🤖 AI Summary
Former venture capitalist–turned-education reformer Ted Dintersmith warned that U.S. schools are graduating students trained to be “flawed, expensive versions of ChatGPT” — taught to memorize and follow rigid instructions that AI already executes better. He argues that AI-savvy hires will compress entry-level roles (“two or three people who are good at AI will replace 20 or 30 who aren’t”), leaving many graduates without meaningful work. Dintersmith frames the current system as a “college or Chipotle” dilemma: overpriced degrees or low-wage jobs, while middle-skill positions disappear.

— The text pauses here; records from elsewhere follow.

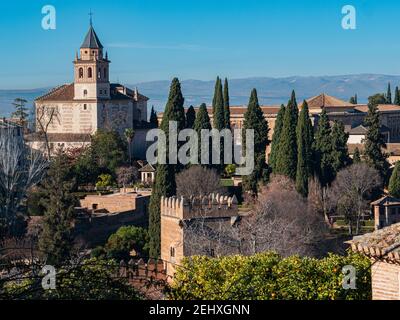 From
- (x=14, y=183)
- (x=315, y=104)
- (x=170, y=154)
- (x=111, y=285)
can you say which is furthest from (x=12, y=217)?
(x=315, y=104)

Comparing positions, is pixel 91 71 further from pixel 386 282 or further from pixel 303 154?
pixel 386 282

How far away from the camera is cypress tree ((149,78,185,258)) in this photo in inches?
1427

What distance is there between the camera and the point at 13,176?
139 ft

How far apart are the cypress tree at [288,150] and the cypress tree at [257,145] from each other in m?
1.27

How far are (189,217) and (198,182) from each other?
10349mm

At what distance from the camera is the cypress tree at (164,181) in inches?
1427

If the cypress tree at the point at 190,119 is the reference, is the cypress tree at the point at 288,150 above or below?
below

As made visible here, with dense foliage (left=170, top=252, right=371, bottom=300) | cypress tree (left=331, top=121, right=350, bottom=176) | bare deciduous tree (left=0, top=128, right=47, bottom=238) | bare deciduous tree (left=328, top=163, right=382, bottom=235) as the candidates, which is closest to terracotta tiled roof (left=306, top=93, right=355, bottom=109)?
cypress tree (left=331, top=121, right=350, bottom=176)

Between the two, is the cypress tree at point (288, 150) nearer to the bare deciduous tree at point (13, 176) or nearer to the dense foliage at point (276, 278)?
the bare deciduous tree at point (13, 176)

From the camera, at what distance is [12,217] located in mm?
38750

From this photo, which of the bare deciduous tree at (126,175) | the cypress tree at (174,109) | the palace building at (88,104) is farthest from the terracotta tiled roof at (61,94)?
the cypress tree at (174,109)

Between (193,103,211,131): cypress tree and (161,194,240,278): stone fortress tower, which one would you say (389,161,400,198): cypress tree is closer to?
(193,103,211,131): cypress tree

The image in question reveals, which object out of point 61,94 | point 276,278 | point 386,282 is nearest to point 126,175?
point 61,94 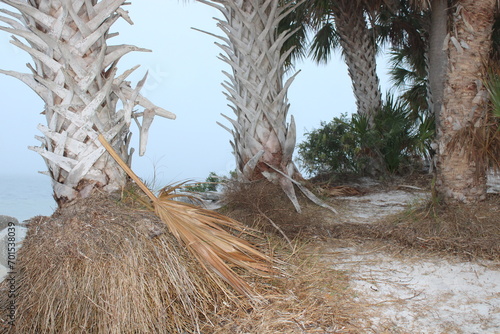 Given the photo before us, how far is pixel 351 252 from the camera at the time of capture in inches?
158

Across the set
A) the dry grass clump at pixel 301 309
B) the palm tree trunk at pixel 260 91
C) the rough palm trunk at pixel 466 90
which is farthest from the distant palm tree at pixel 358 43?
the dry grass clump at pixel 301 309

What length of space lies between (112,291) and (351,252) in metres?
2.25

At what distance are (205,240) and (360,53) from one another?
7559 millimetres

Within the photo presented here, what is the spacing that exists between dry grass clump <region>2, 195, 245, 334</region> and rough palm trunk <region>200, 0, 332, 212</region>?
2.95m

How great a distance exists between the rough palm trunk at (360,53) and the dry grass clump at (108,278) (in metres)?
7.19

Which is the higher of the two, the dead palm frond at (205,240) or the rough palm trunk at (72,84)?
the rough palm trunk at (72,84)

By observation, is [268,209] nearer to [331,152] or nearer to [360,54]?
[331,152]

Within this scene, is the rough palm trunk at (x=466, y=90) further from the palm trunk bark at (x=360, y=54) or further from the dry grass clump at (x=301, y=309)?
the palm trunk bark at (x=360, y=54)

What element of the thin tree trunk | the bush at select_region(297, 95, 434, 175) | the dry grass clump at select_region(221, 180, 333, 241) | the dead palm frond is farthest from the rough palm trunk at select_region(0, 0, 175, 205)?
the thin tree trunk

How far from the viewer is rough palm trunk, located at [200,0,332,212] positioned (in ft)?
18.5

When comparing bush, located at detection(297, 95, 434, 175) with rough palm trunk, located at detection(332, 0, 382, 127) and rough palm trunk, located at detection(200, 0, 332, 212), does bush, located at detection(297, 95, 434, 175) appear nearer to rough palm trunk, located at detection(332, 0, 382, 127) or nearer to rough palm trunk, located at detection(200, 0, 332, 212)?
rough palm trunk, located at detection(332, 0, 382, 127)

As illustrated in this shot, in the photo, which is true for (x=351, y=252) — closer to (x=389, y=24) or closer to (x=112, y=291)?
(x=112, y=291)

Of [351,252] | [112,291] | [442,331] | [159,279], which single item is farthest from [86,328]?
[351,252]

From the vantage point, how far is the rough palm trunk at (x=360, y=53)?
30.4ft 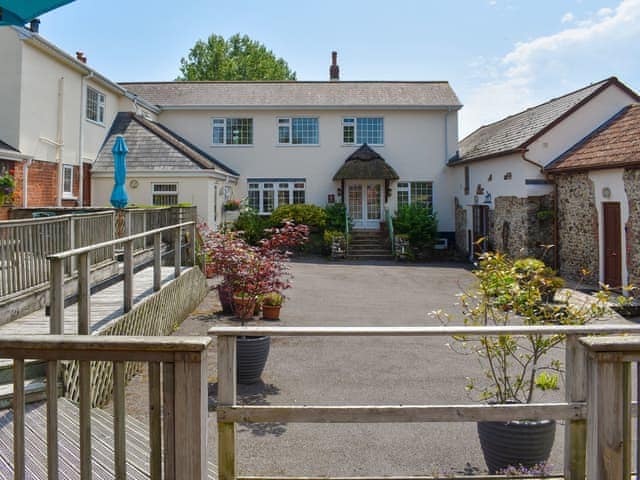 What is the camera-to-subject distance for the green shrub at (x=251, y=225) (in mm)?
22719

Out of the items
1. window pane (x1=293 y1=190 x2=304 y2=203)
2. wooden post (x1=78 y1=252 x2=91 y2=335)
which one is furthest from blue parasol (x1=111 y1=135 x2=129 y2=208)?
window pane (x1=293 y1=190 x2=304 y2=203)

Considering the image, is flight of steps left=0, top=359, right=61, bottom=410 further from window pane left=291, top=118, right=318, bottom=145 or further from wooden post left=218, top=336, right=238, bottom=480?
window pane left=291, top=118, right=318, bottom=145

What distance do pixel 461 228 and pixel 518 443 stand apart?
21129 millimetres

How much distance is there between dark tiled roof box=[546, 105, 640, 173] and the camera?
1420cm

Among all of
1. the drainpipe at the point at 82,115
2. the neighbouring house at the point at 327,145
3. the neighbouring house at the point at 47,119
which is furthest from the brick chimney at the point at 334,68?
the drainpipe at the point at 82,115

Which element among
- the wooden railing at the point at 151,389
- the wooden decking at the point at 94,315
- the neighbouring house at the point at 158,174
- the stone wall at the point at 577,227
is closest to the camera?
the wooden railing at the point at 151,389

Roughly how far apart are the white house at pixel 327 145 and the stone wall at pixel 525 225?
5.57 metres

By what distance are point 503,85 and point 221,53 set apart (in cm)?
2977

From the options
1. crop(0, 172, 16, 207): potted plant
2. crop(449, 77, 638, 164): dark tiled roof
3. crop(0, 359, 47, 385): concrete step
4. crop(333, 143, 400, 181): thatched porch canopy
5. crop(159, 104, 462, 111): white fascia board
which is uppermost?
crop(159, 104, 462, 111): white fascia board

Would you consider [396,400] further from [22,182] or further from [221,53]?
[221,53]

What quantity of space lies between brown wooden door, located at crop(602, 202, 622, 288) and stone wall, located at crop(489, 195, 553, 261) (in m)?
2.77

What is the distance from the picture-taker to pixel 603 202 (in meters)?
15.0

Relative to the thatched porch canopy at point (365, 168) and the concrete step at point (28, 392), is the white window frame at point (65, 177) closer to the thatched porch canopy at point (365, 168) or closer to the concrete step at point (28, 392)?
the thatched porch canopy at point (365, 168)

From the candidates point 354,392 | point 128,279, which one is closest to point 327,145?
point 128,279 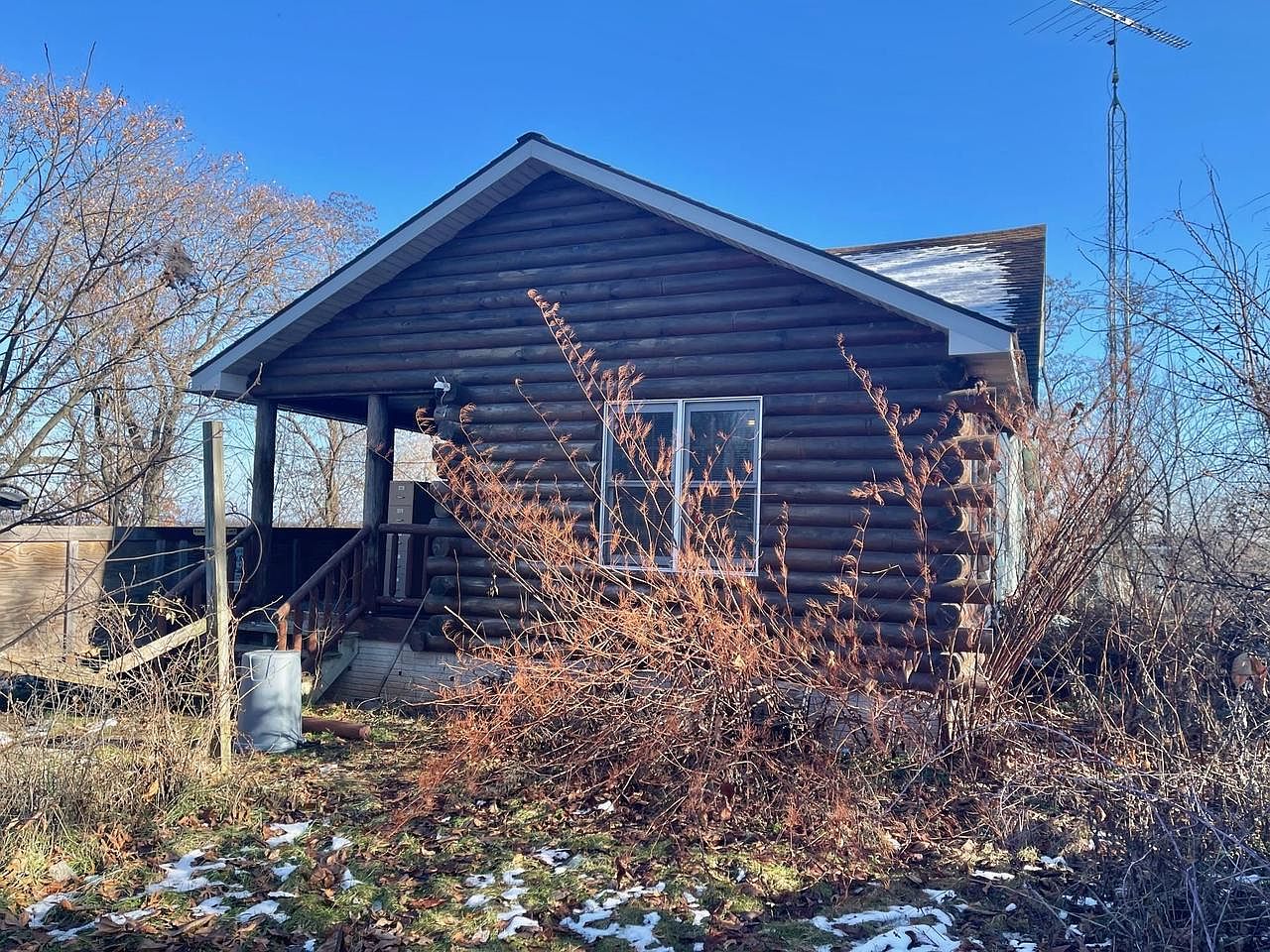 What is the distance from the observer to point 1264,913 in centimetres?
427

He sees this as an urgent societal risk unless curricula shift from test-score obsession to teaching uniquely human skills.
Dintersmith recommends three practical changes: embrace and let students experiment with AI tools; expand and destigmatize career-based and vocational learning (carpentry, welding, HVAC, health sciences) that require creativity and interpersonal skills and are harder to automate; and reform accountability metrics to reward project-based problem solving, critical thinking, fact-checking, and collaboration. For the AI/ML community, his message underscores a dual imperative: accelerate workforce upskilling in AI literacy and help reshape education so human strengths complement models rather than duplicate them. His forthcoming book, The Aftermath, and documentary Multiple Choice promote this urgent pivot toward applied, AI-aware learning.